- **What is required**:
Give every entry again precisely as it appears.

━━━━━━━━━━

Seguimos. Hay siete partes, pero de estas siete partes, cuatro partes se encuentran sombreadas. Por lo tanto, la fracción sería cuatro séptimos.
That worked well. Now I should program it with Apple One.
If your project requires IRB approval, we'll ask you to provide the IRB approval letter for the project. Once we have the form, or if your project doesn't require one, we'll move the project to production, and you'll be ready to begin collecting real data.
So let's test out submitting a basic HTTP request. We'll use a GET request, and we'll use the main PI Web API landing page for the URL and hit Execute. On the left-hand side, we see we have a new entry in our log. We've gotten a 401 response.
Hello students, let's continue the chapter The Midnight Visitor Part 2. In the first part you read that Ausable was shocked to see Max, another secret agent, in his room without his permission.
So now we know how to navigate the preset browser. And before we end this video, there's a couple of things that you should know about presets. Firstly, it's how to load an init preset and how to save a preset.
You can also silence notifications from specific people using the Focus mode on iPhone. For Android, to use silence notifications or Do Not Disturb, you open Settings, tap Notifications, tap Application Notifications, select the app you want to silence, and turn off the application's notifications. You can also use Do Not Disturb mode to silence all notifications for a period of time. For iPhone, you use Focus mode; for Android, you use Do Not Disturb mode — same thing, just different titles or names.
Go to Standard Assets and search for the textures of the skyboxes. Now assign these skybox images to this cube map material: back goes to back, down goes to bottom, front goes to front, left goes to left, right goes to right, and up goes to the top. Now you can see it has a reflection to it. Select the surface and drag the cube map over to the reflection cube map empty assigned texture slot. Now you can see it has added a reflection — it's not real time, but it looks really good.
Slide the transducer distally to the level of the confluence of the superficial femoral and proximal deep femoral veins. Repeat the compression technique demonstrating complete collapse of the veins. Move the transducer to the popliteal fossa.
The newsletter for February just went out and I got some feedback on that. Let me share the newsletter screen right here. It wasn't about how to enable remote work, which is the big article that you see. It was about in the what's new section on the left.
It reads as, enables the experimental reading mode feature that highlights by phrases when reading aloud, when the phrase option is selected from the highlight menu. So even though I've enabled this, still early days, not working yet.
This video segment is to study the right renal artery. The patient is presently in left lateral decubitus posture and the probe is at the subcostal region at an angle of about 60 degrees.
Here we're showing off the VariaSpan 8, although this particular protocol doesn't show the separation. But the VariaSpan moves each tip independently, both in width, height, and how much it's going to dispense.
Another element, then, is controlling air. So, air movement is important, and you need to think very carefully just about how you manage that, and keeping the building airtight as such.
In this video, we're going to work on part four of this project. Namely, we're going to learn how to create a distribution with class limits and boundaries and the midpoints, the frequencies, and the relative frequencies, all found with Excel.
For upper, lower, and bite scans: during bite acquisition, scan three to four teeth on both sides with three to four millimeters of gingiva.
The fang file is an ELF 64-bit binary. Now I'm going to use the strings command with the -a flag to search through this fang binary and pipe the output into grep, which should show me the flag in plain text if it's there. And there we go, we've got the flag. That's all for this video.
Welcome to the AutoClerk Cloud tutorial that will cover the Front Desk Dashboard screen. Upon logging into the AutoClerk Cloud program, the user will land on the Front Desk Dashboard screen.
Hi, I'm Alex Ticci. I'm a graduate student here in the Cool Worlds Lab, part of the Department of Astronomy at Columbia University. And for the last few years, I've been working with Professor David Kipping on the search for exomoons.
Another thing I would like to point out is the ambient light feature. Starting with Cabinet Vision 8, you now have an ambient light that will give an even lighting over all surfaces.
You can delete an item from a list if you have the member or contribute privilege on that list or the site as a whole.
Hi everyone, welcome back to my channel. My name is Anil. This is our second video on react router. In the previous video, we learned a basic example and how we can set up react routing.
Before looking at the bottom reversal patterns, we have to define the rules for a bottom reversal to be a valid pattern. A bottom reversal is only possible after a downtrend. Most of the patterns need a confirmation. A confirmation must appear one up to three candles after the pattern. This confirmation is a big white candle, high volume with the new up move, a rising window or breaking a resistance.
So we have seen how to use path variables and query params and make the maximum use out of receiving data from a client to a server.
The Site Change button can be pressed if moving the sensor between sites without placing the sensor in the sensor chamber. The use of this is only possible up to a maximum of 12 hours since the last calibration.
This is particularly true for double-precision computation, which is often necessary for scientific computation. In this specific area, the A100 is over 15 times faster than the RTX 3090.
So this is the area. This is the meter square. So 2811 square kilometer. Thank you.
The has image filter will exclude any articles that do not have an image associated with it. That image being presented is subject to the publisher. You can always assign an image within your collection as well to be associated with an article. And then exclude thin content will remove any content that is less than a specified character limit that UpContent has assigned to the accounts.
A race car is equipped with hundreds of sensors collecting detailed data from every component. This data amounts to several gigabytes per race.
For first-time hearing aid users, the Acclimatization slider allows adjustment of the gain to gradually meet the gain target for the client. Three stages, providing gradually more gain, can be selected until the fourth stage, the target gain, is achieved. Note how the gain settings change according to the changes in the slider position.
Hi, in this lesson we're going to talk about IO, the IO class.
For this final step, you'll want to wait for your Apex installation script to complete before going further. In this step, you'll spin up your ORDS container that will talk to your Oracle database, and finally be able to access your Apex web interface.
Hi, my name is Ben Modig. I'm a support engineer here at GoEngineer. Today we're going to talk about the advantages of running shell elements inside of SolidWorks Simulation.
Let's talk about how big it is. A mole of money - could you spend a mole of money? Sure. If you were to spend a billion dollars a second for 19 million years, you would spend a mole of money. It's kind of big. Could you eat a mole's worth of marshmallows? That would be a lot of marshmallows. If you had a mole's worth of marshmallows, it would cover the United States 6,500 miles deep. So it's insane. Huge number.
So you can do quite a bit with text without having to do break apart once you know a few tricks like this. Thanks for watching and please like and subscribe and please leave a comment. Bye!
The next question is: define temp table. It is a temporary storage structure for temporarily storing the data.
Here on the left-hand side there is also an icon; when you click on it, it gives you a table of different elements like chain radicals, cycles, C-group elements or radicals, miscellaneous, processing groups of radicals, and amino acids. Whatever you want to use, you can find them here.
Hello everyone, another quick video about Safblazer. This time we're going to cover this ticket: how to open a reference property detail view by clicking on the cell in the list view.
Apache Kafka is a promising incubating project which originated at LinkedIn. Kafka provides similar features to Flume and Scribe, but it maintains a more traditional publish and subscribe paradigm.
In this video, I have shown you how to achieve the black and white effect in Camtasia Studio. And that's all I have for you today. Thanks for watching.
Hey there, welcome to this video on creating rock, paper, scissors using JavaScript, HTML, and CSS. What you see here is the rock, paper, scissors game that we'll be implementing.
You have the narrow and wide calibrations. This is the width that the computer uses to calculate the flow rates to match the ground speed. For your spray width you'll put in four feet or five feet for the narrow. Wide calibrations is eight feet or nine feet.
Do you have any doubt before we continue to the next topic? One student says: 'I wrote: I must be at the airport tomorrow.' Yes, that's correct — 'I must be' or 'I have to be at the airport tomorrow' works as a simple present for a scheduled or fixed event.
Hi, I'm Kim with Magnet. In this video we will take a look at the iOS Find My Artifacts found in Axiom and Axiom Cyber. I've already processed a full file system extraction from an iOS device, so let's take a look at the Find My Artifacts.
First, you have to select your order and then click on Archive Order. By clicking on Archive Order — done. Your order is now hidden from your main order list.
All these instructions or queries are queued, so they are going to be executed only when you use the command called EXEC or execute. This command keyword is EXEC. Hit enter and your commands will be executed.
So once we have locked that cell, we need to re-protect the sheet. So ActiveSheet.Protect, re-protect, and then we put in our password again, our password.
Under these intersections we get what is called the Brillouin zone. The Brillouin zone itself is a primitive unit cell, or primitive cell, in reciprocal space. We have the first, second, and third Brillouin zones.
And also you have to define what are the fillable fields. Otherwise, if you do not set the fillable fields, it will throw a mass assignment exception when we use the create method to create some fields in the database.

━━━━━━━━━━

- **Answer area**:
Seguimos. Hay siete partes, pero de estas siete partes, cuatro partes se encuentran sombreadas. Por lo tanto, la fracción sería cuatro séptimos.
That worked well. Now I should program it with Apple One.
If your project requires IRB approval, we'll ask you to provide the IRB approval letter for the project. Once we have the form, or if your project doesn't require one, we'll move the project to production, and you'll be ready to begin collecting real data.
So let's test out submitting a basic HTTP request. We'll use a GET request, and we'll use the main PI Web API landing page for the URL and hit Execute. On the left-hand side, we see we have a new entry in our log. We've gotten a 401 response.
Hello students, let's continue the chapter The Midnight Visitor Part 2. In the first part you read that Ausable was shocked to see Max, another secret agent, in his room without his permission.
So now we know how to navigate the preset browser. And before we end this video, there's a couple of things that you should know about presets. Firstly, it's how to load an init preset and how to save a preset.
You can also silence notifications from specific people using the Focus mode on iPhone. For Android, to use silence notifications or Do Not Disturb, you open Settings, tap Notifications, tap Application Notifications, select the app you want to silence, and turn off the application's notifications. You can also use Do Not Disturb mode to silence all notifications for a period of time. For iPhone, you use Focus mode; for Android, you use Do Not Disturb mode — same thing, just different titles or names.
Go to Standard Assets and search for the textures of the skyboxes. Now assign these skybox images to this cube map material: back goes to back, down goes to bottom, front goes to front, left goes to left, right goes to right, and up goes to the top. Now you can see it has a reflection to it. Select the surface and drag the cube map over to the reflection cube map empty assigned texture slot. Now you can see it has added a reflection — it's not real time, but it looks really good.
Slide the transducer distally to the level of the confluence of the superficial femoral and proximal deep femoral veins. Repeat the compression technique demonstrating complete collapse of the veins. Move the transducer to the popliteal fossa.
The newsletter for February just went out and I got some feedback on that. Let me share the newsletter screen right here. It wasn't about how to enable remote work, which is the big article that you see. It was about in the what's new section on the left.
It reads as, enables the experimental reading mode feature that highlights by phrases when reading aloud, when the phrase option is selected from the highlight menu. So even though I've enabled this, still early days, not working yet.
This video segment is to study the right renal artery. The patient is presently in left lateral decubitus posture and the probe is at the subcostal region at an angle of about 60 degrees.
Here we're showing off the VariaSpan 8, although this particular protocol doesn't show the separation. But the VariaSpan moves each tip independently, both in width, height, and how much it's going to dispense.
Another element, then, is controlling air. So, air movement is important, and you need to think very carefully just about how you manage that, and keeping the building airtight as such.
In this video, we're going to work on part four of this project. Namely, we're going to learn how to create a distribution with class limits and boundaries and the midpoints, the frequencies, and the relative frequencies, all found with Excel.
For upper, lower, and bite scans: during bite acquisition, scan three to four teeth on both sides with three to four millimeters of gingiva.
The fang file is an ELF 64-bit binary. Now I'm going to use the strings command with the -a flag to search through this fang binary and pipe the output into grep, which should show me the flag in plain text if it's there. And there we go, we've got the flag. That's all for this video.
Welcome to the AutoClerk Cloud tutorial that will cover the Front Desk Dashboard screen. Upon logging into the AutoClerk Cloud program, the user will land on the Front Desk Dashboard screen.
Hi, I'm Alex Ticci. I'm a graduate student here in the Cool Worlds Lab, part of the Department of Astronomy at Columbia University. And for the last few years, I've been working with Professor David Kipping on the search for exomoons.
Another thing I would like to point out is the ambient light feature. Starting with Cabinet Vision 8, you now have an ambient light that will give an even lighting over all surfaces.
You can delete an item from a list if you have the member or contribute privilege on that list or the site as a whole.
Hi everyone, welcome back to my channel. My name is Anil. This is our second video on react router. In the previous video, we learned a basic example and how we can set up react routing.
Before looking at the bottom reversal patterns, we have to define the rules for a bottom reversal to be a valid pattern. A bottom reversal is only possible after a downtrend. Most of the patterns need a confirmation. A confirmation must appear one up to three candles after the pattern. This confirmation is a big white candle, high volume with the new up move, a rising window or breaking a resistance.
So we have seen how to use path variables and query params and make the maximum use out of receiving data from a client to a server.
The Site Change button can be pressed if moving the sensor between sites without placing the sensor in the sensor chamber. The use of this is only possible up to a maximum of 12 hours since the last calibration.
This is particularly true for double-precision computation, which is often necessary for scientific computation. In this specific area, the A100 is over 15 times faster than the RTX 3090.
So this is the area. This is the meter square. So 2811 square kilometer. Thank you.
The has image filter will exclude any articles that do not have an image associated with it. That image being presented is subject to the publisher. You can always assign an image within your collection as well to be associated with an article. And then exclude thin content will remove any content that is less than a specified character limit that UpContent has assigned to the accounts.
A race car is equipped with hundreds of sensors collecting detailed data from every component. This data amounts to several gigabytes per race.
For first-time hearing aid users, the Acclimatization slider allows adjustment of the gain to gradually meet the gain target for the client. Three stages, providing gradually more gain, can be selected until the fourth stage, the target gain, is achieved. Note how the gain settings change according to the changes in the slider position.
Hi, in this lesson we're going to talk about IO, the IO class.
For this final step, you'll want to wait for your Apex installation script to complete before going further. In this step, you'll spin up your ORDS container that will talk to your Oracle database, and finally be able to access your Apex web interface.
Hi, my name is Ben Modig. I'm a support engineer here at GoEngineer. Today we're going to talk about the advantages of running shell elements inside of SolidWorks Simulation.
Let's talk about how big it is. A mole of money - could you spend a mole of money? Sure. If you were to spend a billion dollars a second for 19 million years, you would spend a mole of money. It's kind of big. Could you eat a mole's worth of marshmallows? That would be a lot of marshmallows. If you had a mole's worth of marshmallows, it would cover the United States 6,500 miles deep. So it's insane. Huge number.
So you can do quite a bit with text without having to do break apart once you know a few tricks like this. Thanks for watching and please like and subscribe and please leave a comment. Bye!
The next question is: define temp table. It is a temporary storage structure for temporarily storing the data.
Here on the left-hand side there is also an icon; when you click on it, it gives you a table of different elements like chain radicals, cycles, C-group elements or radicals, miscellaneous, processing groups of radicals, and amino acids. Whatever you want to use, you can find them here.
Hello everyone, another quick video about Safblazer. This time we're going to cover this ticket: how to open a reference property detail view by clicking on the cell in the list view.
Apache Kafka is a promising incubating project which originated at LinkedIn. Kafka provides similar features to Flume and Scribe, but it maintains a more traditional publish and subscribe paradigm.
In this video, I have shown you how to achieve the black and white effect in Camtasia Studio. And that's all I have for you today. Thanks for watching.
Hey there, welcome to this video on creating rock, paper, scissors using JavaScript, HTML, and CSS. What you see here is the rock, paper, scissors game that we'll be implementing.
You have the narrow and wide calibrations. This is the width that the computer uses to calculate the flow rates to match the ground speed. For your spray width you'll put in four feet or five feet for the narrow. Wide calibrations is eight feet or nine feet.
Do you have any doubt before we continue to the next topic? One student says: 'I wrote: I must be at the airport tomorrow.' Yes, that's correct — 'I must be' or 'I have to be at the airport tomorrow' works as a simple present for a scheduled or fixed event.
Hi, I'm Kim with Magnet. In this video we will take a look at the iOS Find My Artifacts found in Axiom and Axiom Cyber. I've already processed a full file system extraction from an iOS device, so let's take a look at the Find My Artifacts.
First, you have to select your order and then click on Archive Order. By clicking on Archive Order — done. Your order is now hidden from your main order list.
All these instructions or queries are queued, so they are going to be executed only when you use the command called EXEC or execute. This command keyword is EXEC. Hit enter and your commands will be executed.
So once we have locked that cell, we need to re-protect the sheet. So ActiveSheet.Protect, re-protect, and then we put in our password again, our password.
Under these intersections we get what is called the Brillouin zone. The Brillouin zone itself is a primitive unit cell, or primitive cell, in reciprocal space. We have the first, second, and third Brillouin zones.
And also you have to define what are the fillable fields. Otherwise, if you do not set the fillable fields, it will throw a mass assignment exception when we use the create method to create some fields in the database.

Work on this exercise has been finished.